Please review my solution to the problem and explain in detail what I may be doing wrong and what concepts I may not be applying correctly.
The problem states:
Two long straight wires at separation d = 16.0 cm carry currents i1 = 3.61 mA and i2 = 3.00i1 out of the page.
(a) At what point on the x axis shown is the net magnetic field due to the currents equal to zero?
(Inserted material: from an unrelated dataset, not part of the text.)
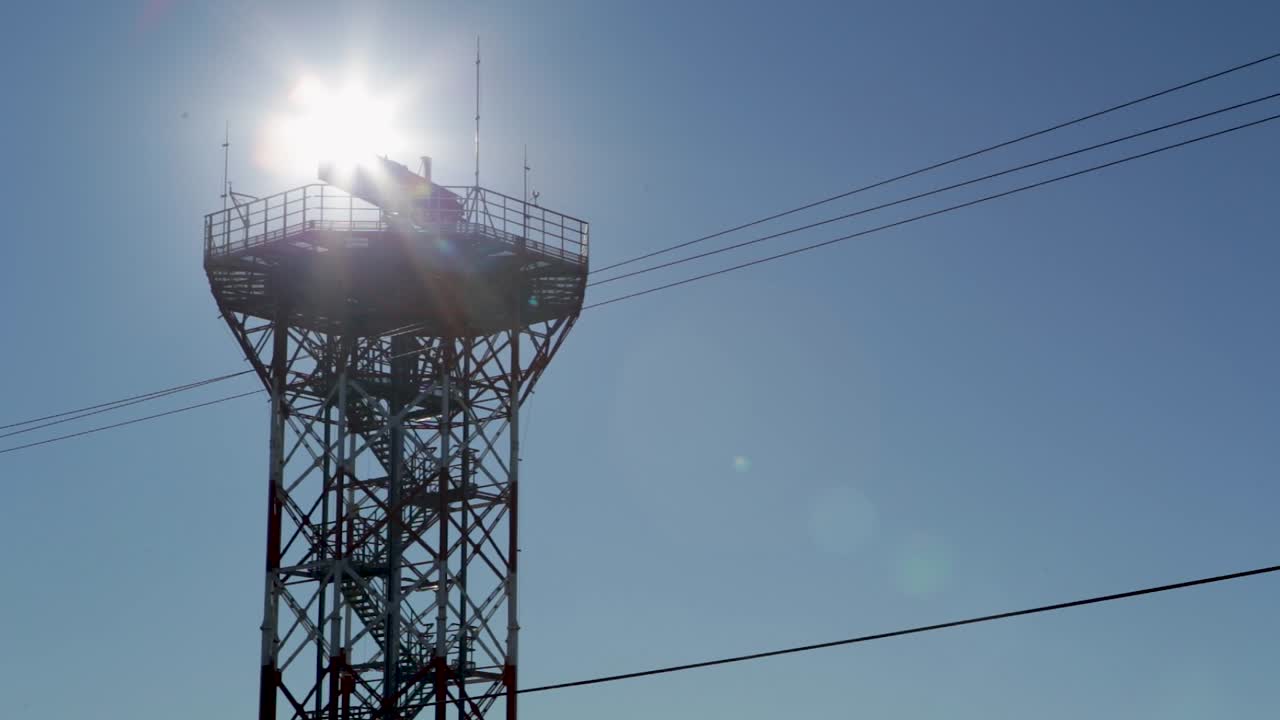 Backlit view of a communications tower against a clear blue sky, in an airport in Argentina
(b) If the two currents are doubled, is the point of zero magnetic field shifted toward wire 1, shifted toward wire2, or unchanged?
We know:
d = 16.0 cm = 1.6 x 10-1 m
i1 = 3.61 mA = 3.61 x 10-3 A
i2 = 3.00i1 = 3.00(3.61 mA) = 10.83 mA = 1.083 x 10-2 A
L for each conductor is infinite
Solution:
(a) The right hand rule indicates both magnetic fields wrap to the left of both wires with the current coming out of the page. These two wires are parallel currents and attract each other.
B = μ0i / 2πr
B = (1.26 x 10-6 Tm/A)(3.61 x 10-3 A) / (2)(3.1416)(1.6 x 10-1 m)
B = 4.525 x 10-9 N
I am not sure how to take this to the next step and definitively say where the magnetic fields equal zero, please help and explain how to finish out (a) and then (b)?